The House voted unanimously on all four articles of impeachment against Judge Porteous. More bipartisanship breaking out in Congress! The Senate will begin its own investigation and trial shortly. But with neither party standing by Porteous in the House, it could be a foregone conclusion that Porteous will become one of the only federal judges ever to have been constitutionally removed from office (unless he quits, first).

This is truly a gold standard of disappointing behavior. Which is why, although I understand the Kucinich anger out there, Judge Porteous wins the Most Disappointing Democrat Of The Week award, hands down.

[No public contact information for Judge Porteous was easily available, sorry.]


Volume 116 (3/19/10)

Sadly, to fill the hours prior to the vote in the House this Sunday, the punditocracy will be obsessing over "process." This is all to the good for Democrats, because whenever either party starts obsessing over process (and they both are equally prone to this behavior, when in the minority, of course), they come off looking: (1) whiny, (2) like they're going to lose and they know it, (3) sore losers, and (4) whiny. Did I mention whiny?

Because, outside the Beltway, nobody really cares all that much about process. They do care whether something gets passed or not, and what does get passed, but the process stories just mostly bore folks outside of Washington, D.C. The Republicans are about to find this out, once again.

But they're sure going to take their best shot at hyperventilating over the process, because that is simply all they have left. Their other arguments have either been refuted or (for the valid ones) mostly bargained away anyway, so it's getting harder and harder to demonize the legislation itself. Meaning we can expect some Grade-A Prime hot air and blather from Republicans until President Obama actually signs the thing and we can all move on to impeaching Obama for not having a birth certificate, or whatever else is on the vacuous Republican agenda.

To this end, we're devoting a lot of the talking points this week to shooting down such blather. These talking points, as always, are cheerfully offered up for the benefit of Democrats everywhere, especially those holding office and facing a news camera this weekend.


   Up or down vote

Foremost in the attacks from the Right will be the House's usage of the "self-executing rule" to pass both the Senate bill (which will be "deemed" to have passed) and the House changes to it, which will then pass the Senate using "reconciliation." Look for lots of smoke and hot air (and the inevitable references to Our Founding Fathers) on this whole process. Democrats can start the conversation by pointing out a heavy irony here, no matter how the question is phrased. Start out on a light note, in other words.

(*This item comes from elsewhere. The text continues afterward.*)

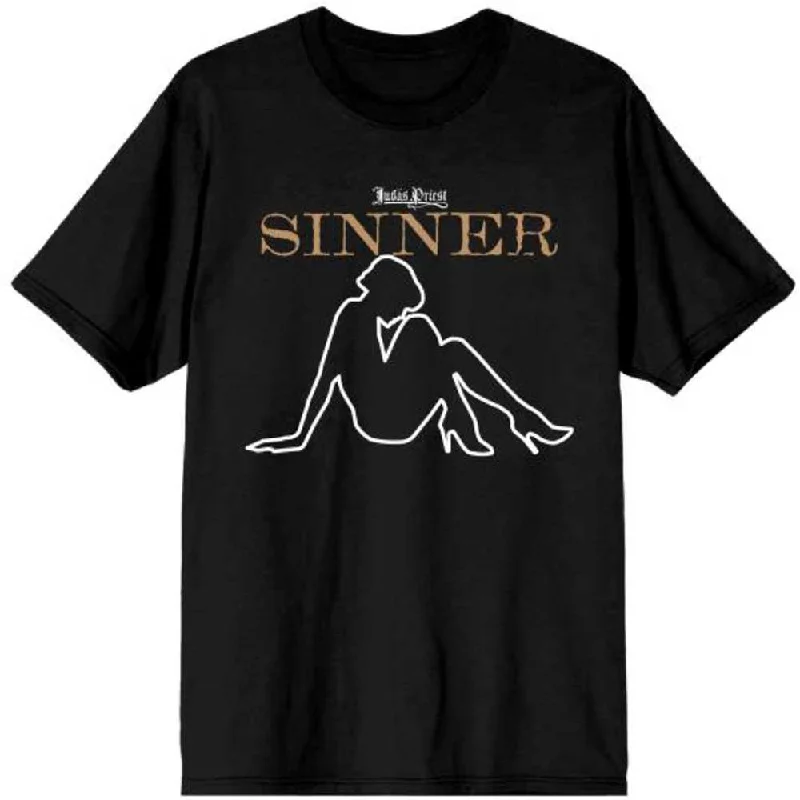 Judas Priest | Official Band T-Shirt | Sin After Sin Sinner Slogan Lady Front Pockets Side Pockets Patch Pockets Judas Priest | Official Band T-Shirt | Sin After Sin Sinner Slogan Lady Front Pockets Side Pockets Patch Pockets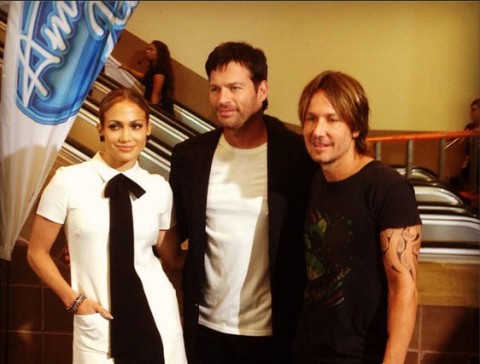 American Idol judges Jennifer Lopez, Harry Connick Jr., and Keith Urban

"You know, the ironic thing about the Republican position on parliamentary process seems to boil down to a very simple example of doublethink. Because Republicans are simultaneously arguing that an 'up or down vote' is a good thing and a bad thing. They want to force an 'up or down vote' on both pieces of the health reform package over in the House, but they also want to prevent such an 'up or down vote' from ever happening in the Senate. Personally, I find this a little amusing, don't you?"


   One single vote

Of course, the interviewer is never going to let you get away with this unchallenged, so be prepared to back it up with a more thorough explanation of the House process. But keep it simple.

"Let me explain the House process. Rather than holding two tough votes on separate pieces of the health reform legislation, House members will have the chance to vote on the entire package in one vote. That's all this procedure does. It makes sense, because passing the Senate bill without the changes is unacceptable to a lot of House Democrats, but passing the changes without the Senate bill in essence attached to it would be kind of silly. So we've combined the legislative process into one vote. That's really all it means. The entire health reform package will get a single up or down vote."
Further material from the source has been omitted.